The personal choices made by leaders of those many prior city-empires were the
very reasons for each to fail on the global stage. The Aeneid was the
zeitgeist of Roman manifest destiny under the imperial banner.

------
cafard
Is The Stars and Stripes Forever a celebration of the US?

"The subject world shall Rome's dominion own, And, prostrate, shall adore the
nation of the gown. An age is ripening in revolving fate When Troy shall
overturn the Grecian state, And sweet revenge her conqu'ring sons shall call,
To crush the people that conspir'd her fall. Then Caesar from the Julian stock
shall rise, Whose empire ocean, and whose fame the skies Alone shall bound;
whom, fraught with eastern spoils, Our heav'n, the just reward of human toils,
Securely shall repay with rites divine; And incense shall ascend before his
sacred shrine. Then dire debate and impious war shall cease, And the stern age
be soften'd into peace: Then banish'd Faith shall once again return, And
Vestal fires in hallow'd temples burn; And Remus with Quirinus shall sustain
The righteous laws, and fraud and force restrain. Janus himself before his
fane shall wait, And keep the dreadful issues of his gate, With bolts and iron
bars: within remains Imprison'd Fury, bound in brazen chains; High on a trophy
rais'd, of useless arms, He sits, and threats the world with vain alarms.”

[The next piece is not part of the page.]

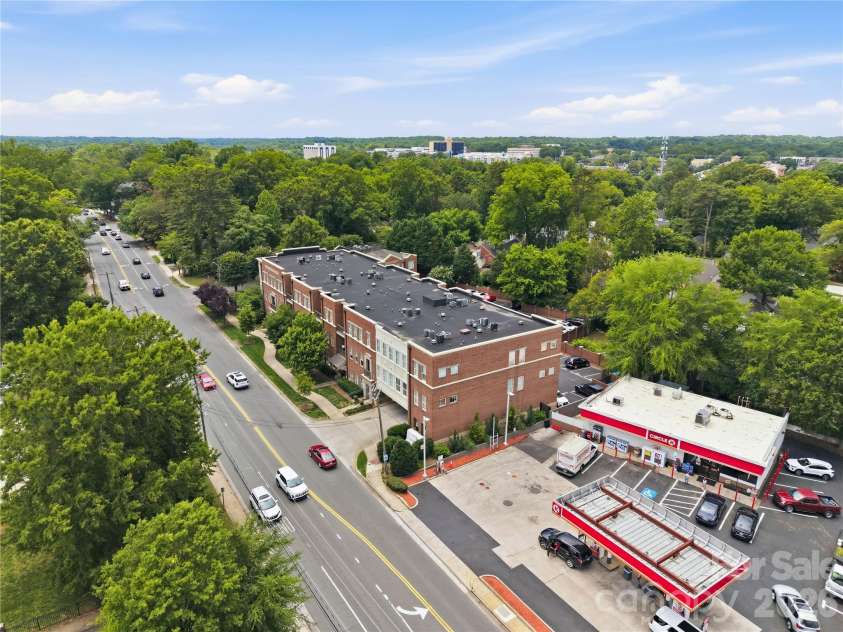 2946 Selwyn Avenue, Charlotte, NC 28209.  MLS# CAR4387931, YatesRealty ID 28119. 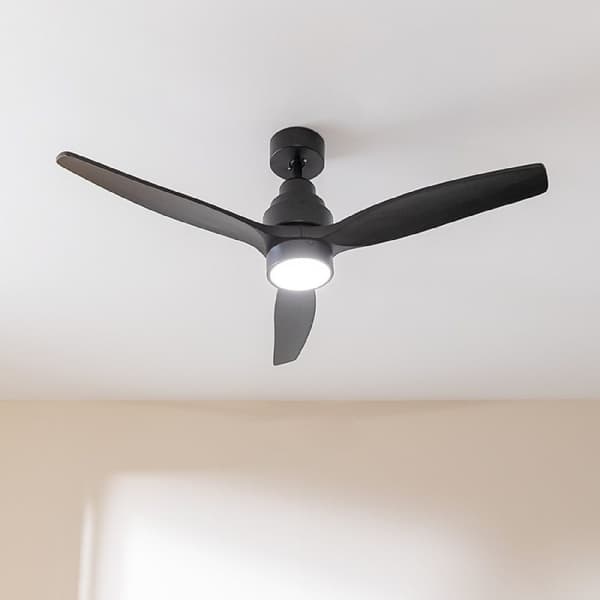 Cecotec 30 W and 52” ceiling fan with DC motor, LED light, remote control, 6 speed settings, timer and winter-summer mode.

([http://www.perseus.tufts.edu/hopper/text?doc=Perseus:text:19...](http://www.perseus.tufts.edu/hopper/text?doc=Perseus:text:1999.02.0052))

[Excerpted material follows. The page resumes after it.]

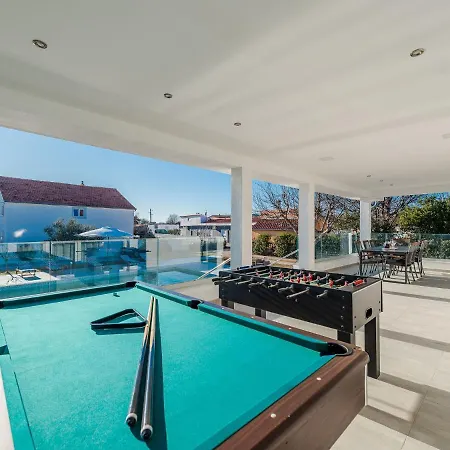 Feriehus Classy In With Swimming Pool *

Editors of Virgil have pointed out that he grew up in badly unsettled times,
with civil wars. A bit of imperial peace looked pretty good compared to that.

------
involans
This is literally an essay topic for every high-school Latin program.

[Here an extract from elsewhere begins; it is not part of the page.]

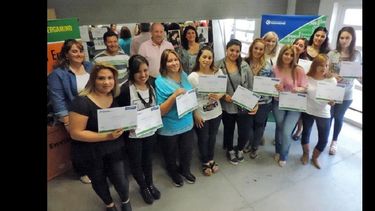 Una veintena de mujeres recibió ayer el certificado que las avala para trabajar como manicuras. (GOBIERNO DE PERGAMINO)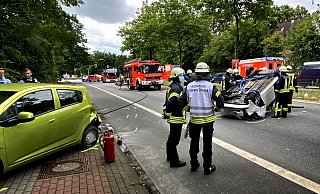 Auto überschlägt sich auf der Bundesstraße 61. Frau (41) lebensgefährlich verletzt. - Bröder Frücht Auto überschlägt sich auf der Bundesstraße 61. Frau (41) lebensgefährlich verletzt. - Bröder Frücht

It is hard not to see the contrast between Vergil's pathos for the costs of
war and the Iliad's celebration of aggressive machismo. And yet the Aeneid is
ideologically committed to the Roman project of empire as a civilising force.

The best modern parallel is something like Saving Private Ryan, which combines
sympathy for the costs and losses of war in general with full support of the
motivations of the particular war. Neither work is remotely subversive (they
skate close to being outright propaganda for their militaries and societies),
but both are profoundly humanistic.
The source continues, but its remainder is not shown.